What do you get a millionaire US Senator who’s already got everything? How about a Powerball ticket? As the jackpot climbed to nearly $350 million, New Hampshire’s Judd Gregg was intriuged and bought a ticket. Proving that fortune favors the curious, he won a cool $853, 492. From CBS4 Boston:
On a whim, U.S. Sen. Judd Gregg pulled into a gas station in Washington this week and bought $20 worth of Powerball tickets. As he was leaving, a clerk ran after him because he had left one of the tickets behind.
“She was a very pleasant young woman; she might have kept it and for all I know it might have been the winning ticket,” he said in a telephone news conference.
Gregg collected a check for $853,492 from the Powerball Lottery on Thursday.
According to his latest financial disclosure form, Gregg has between $1.5 million and $6.2 million in stocks and other major investments.
What will he do with the lottery money?
“Whatever my wife tells me what to do with it?” he joked, saying he would turn the winnings over to the Hugh Gregg Foundation, which supports New Hampshire charities and is named after Gregg’s late father, a former governor of New Hampshire.
Gregg said he didn’t play any particular numbers and allowed the lottery ticket machine to select them at random. He said he checked the tickets Thursday and told his wife, Kathy, that he had won some money.
“She said, ‘Are you sure you read the numbers correctly?’ because I tend to be a little dyslexic, I tend to transpose numbers,” he said.
He said he doesn’t buy lottery tickets often but was intrigued by the publicity of the jackpot rising to about $350 million.

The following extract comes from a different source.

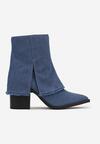 Botine bleumarin cu toc gros din material jeans și carâmb evazat Kriese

“Every American believes in good fortune and good luck and I’m no different than anyone else,” he said.
A Powerball ticket worth $340 million was sold in Jacksonville, Ore. No one has stepped forward yet to claim the largest jackpot in the game’s history and the second-biggest in U.S. history.

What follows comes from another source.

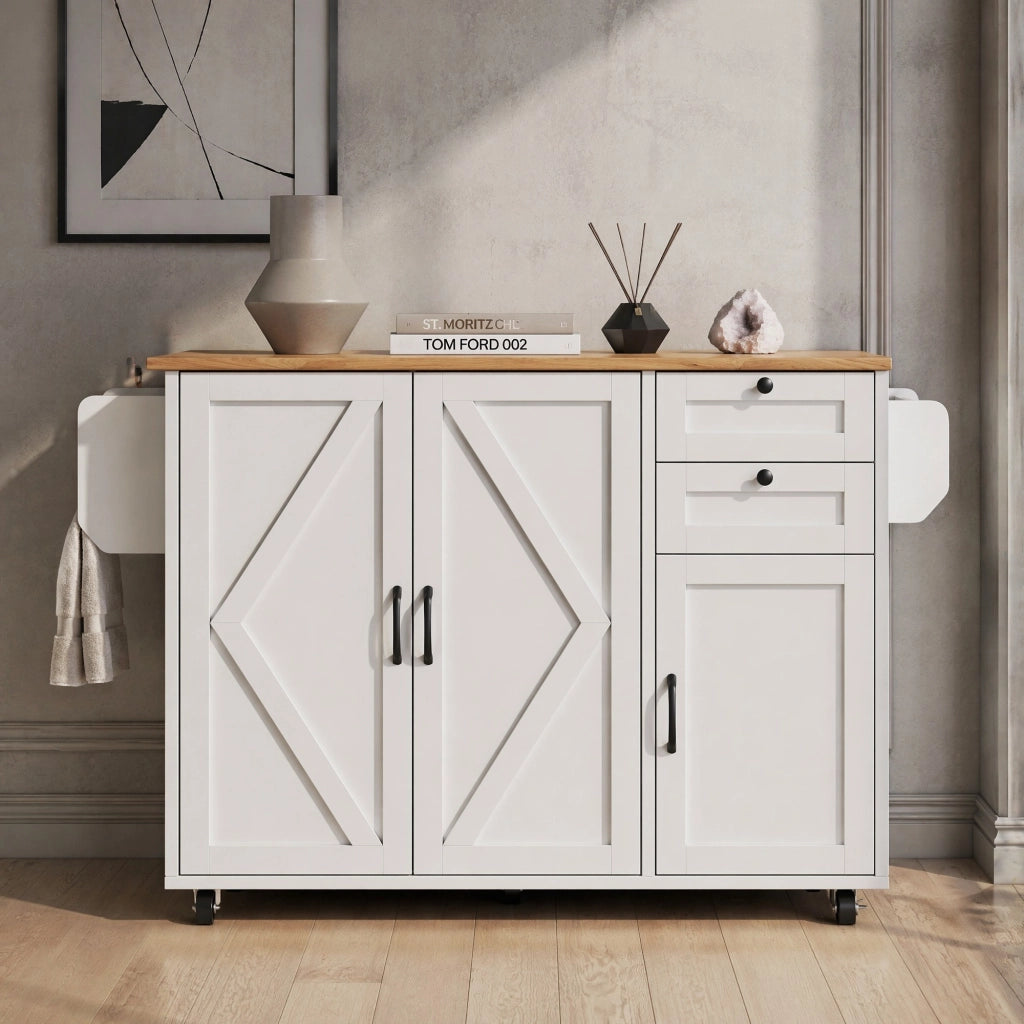Carrello da cucina pieghevole con tavolo e cassetti bianco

Gregg’s ticket was one of 47 regular tickets and two with the Power Play option that matched the first five numbers but not the Powerball. The winning numbers drawn Wednesday evening were 7, 21, 43, 44, 49 and 29. The lump sum option would be worth $110 million after taxes.
What I want to know is this: isn’t it false advertising for Powerball to claim that it’s a $340 million jackpot when the lump sum payout after taxes is about one-third of that?

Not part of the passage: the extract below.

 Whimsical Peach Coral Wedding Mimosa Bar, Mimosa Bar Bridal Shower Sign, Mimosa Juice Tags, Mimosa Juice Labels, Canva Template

Sure, $110 million is more money than most people could figure out how to spend, but still, it seems misleading.
Personally, I don’t see why people get so much more interested by these mega-payouts. A $10 million jackpot is going to change your life just as much as a $110 million one. The more rational consumer would want to participate in a lottery with 11 chances at $10 million rather than one chance at $110 million.
But, people just see the big numbers, so, without reading the fine print, they burn $50 in lottery tickets hoping to win “$340 million.” What gets me is when these same people get indignant about those who choose to put that $50 on the pass line of a craps game.
Which is the better bet? Let’s see…
The odds of winning Powerball (thanks, Durango Bill) are 1 in 146 million, or .00000000684425.
The odds of winning your pass line bet are a little less than 1 in 2, or 48.6%.
The payout is much less, but you’re much more likely to walk away the victor. Add in the complimentary drinks and RFB (if you play enough), and you might even end up ahead.
Of course, there are only two ways to guarantee you don’t lose while gambling: you can cheat, which will probably land you in jail, or you can just not play.
Closing it out, here’s an interesting observation from Durango Bill:
Government statistics show there are about 1.7 automobile caused fatalities for every 100,000,000 vehicle-miles. If you drive one mile to the store to buy your lottery ticket and then return home, you have driven two miles. Thus the probability that you will join this statistical group is 2 x 1.7 / 100,000,000 = 0.000000034. This can also be stated as “One in 29,411,765-“. Thus, if you drive to the store to buy your Powerball ticket, your chance of being killed (or killing someone else) is about 5 times greater than the chance that you will win the Powerball Jackpot.